In one corner, there’s employee protection. In the other, securities regulation concerns. In the battle of security, what’s more important: employee privacy or industry regulation? As the number of U.S. states passing social media legislation to protect employee rights increases, so does the pushback from regulatory bodies.
In cases where your social media profile is public, the gloves are off. Your employer has the right to view your posts – as does everyone else in the world (you know, being public and all). But if you’re using social media in both business and personal contexts, and using only one account that you yourself created and are held accountable for, is it fair for the regulatory bodies to monitor and archive your business communications? Or is that hitting below the belt?
According to The Wall Street Journal 35 states have adopted, introduced, or begun work on social media privacy legislation since the start of 2013. Both the Financial Industry Regulatory Authority (FINRA) and the Securities Industry and Financial Markets Association (SIFMA) have sent multiple letters to the legislators pushing the bills, asking for modifications to regulate those in the financial sector, thus protecting investors.
This becomes a grey area when employees use their personal social media accounts for business communication related to their position. For example: in the financial industry, brokers and dealers often use their personal LinkedIn accounts to reach out to perspective clients, share industry related information, and interact with current clients. While that is a personal account, financial industries want to be able to protect the social public from potential Ponzi schemes, instances of fraud, and subjection to investor risk.
FINRA’s social media guidance, Regulatory Notice 10-6, published January 2010, requires those held to financial regulations to monitor and archive business communications made using social media. Even if employees use their personal devices to engage in such communication, the regulatory bodies believe it must be monitored and archived.
Without the ability to access social media accounts of employees, employers cannot comply with the supervision and record keeping responsibilities mandated by the financial industry regulatory bodies.
Acting as FINRA’s “corner man,” SIFMA supports the effort to provide more allowances for business social media use and has done its part to attempt to modify the language in each state’s proposed legislation. In letters to the various signers, SIFMA cited the 2012 American Century Investments study, which claimed that almost nine out of ten financial services professionals have social media profiles or accounts, 58% of those professionals use social media for business several times per week, and 27% use it for business on a daily basis. (Business use includes reading and posting commentary, monitoring and sharing relevant news, business promotion and brand building, sharing best practices, and obtaining customer feedback.) According to SIFMA, a “personal” account that is also used for business purposes should be treated as a business account.
SIFMA’s letters also include a quote from North American Securities Administrators Association (NASAA) president Heath Abshure:
“State laws and regulations require broker-dealers, investment advisers, broker-dealer agents and investment adviser representatives to maintain books and records relating to the firm’s business, which can include business communications made or transmitted using social media.
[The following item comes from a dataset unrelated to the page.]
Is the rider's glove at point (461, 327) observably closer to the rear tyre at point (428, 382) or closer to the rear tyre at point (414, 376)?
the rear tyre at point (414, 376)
To comply with these requirements, broker-dealers and investment advisers must be able to access social media accounts used by employees for business purposes. Legislation under consideration by certain states may prove problematic because, absent an appropriate carve-out, such laws would place broker dealers and investment-advisers in a precarious position where compliance with state privacy laws might cause them to run afoul of their supervisory and record-keeping responsibilities under state and federal securities laws and regulations, and vice versa.”
State legislators counterpunch with the belief that they are not only protecting employees’ right to privacy but also saving employers from themselves in the process. Requiring access to a prospective employee’s social media account that would also disclose personal information could backfire if said candidate was not hired. Employers could be subject to lawsuits suggesting the personal information gleaned from social media accounts such as appearance, political leanings, or sexual orientation played a role in the decision not to hire.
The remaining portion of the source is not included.